Only an exact repetition of the lines from the one holding "美品　iMac 2021 M1 24インチ　245GB 8GB 本体のみ" to the end of the data is wanted, with pictures left out.

◆ **Information shown**
- Opening Delimiter -

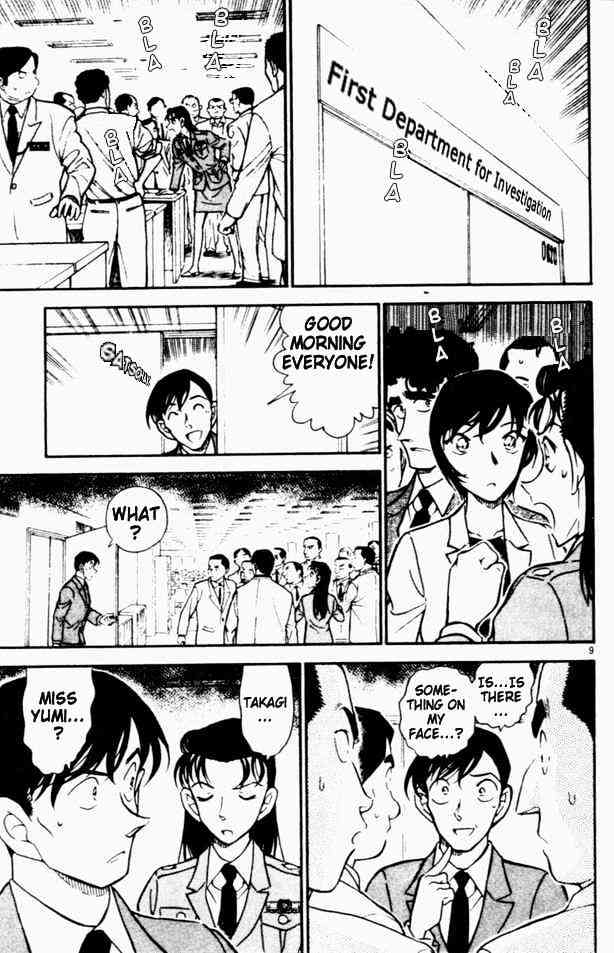 Page 9 of Chapter 450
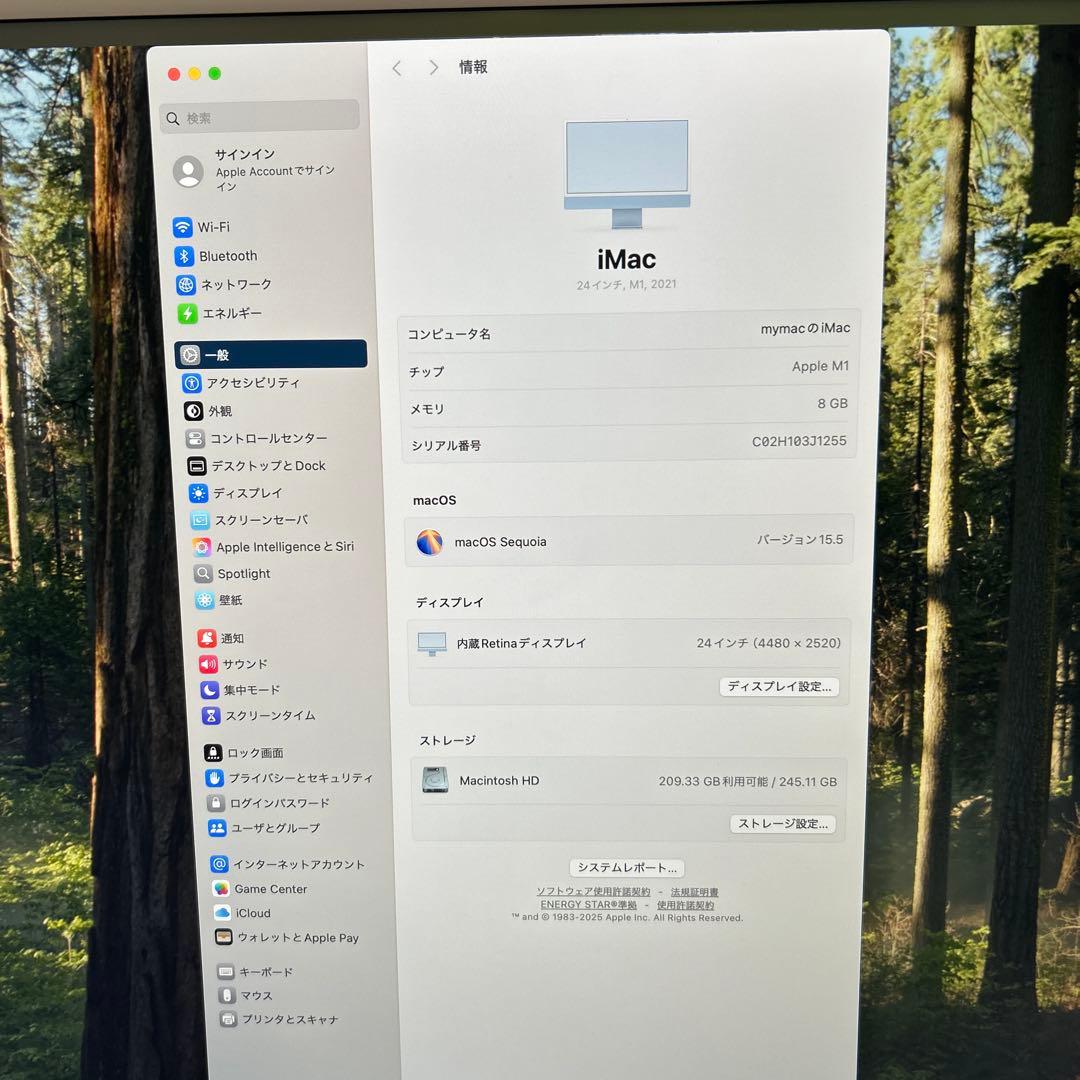 美品　iMac 2021 M1 24インチ　245GB 8GB 本体のみ
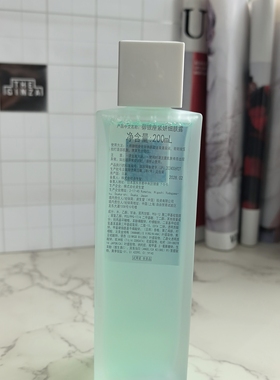 御银座紧妍补水保湿焕亮爽肤水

- Closing Delimiter -

◆ **Response to this task**
 美品　iMac 2021 M1 24インチ　245GB 8GB 本体のみ
 御银座紧妍补水保湿焕亮爽肤水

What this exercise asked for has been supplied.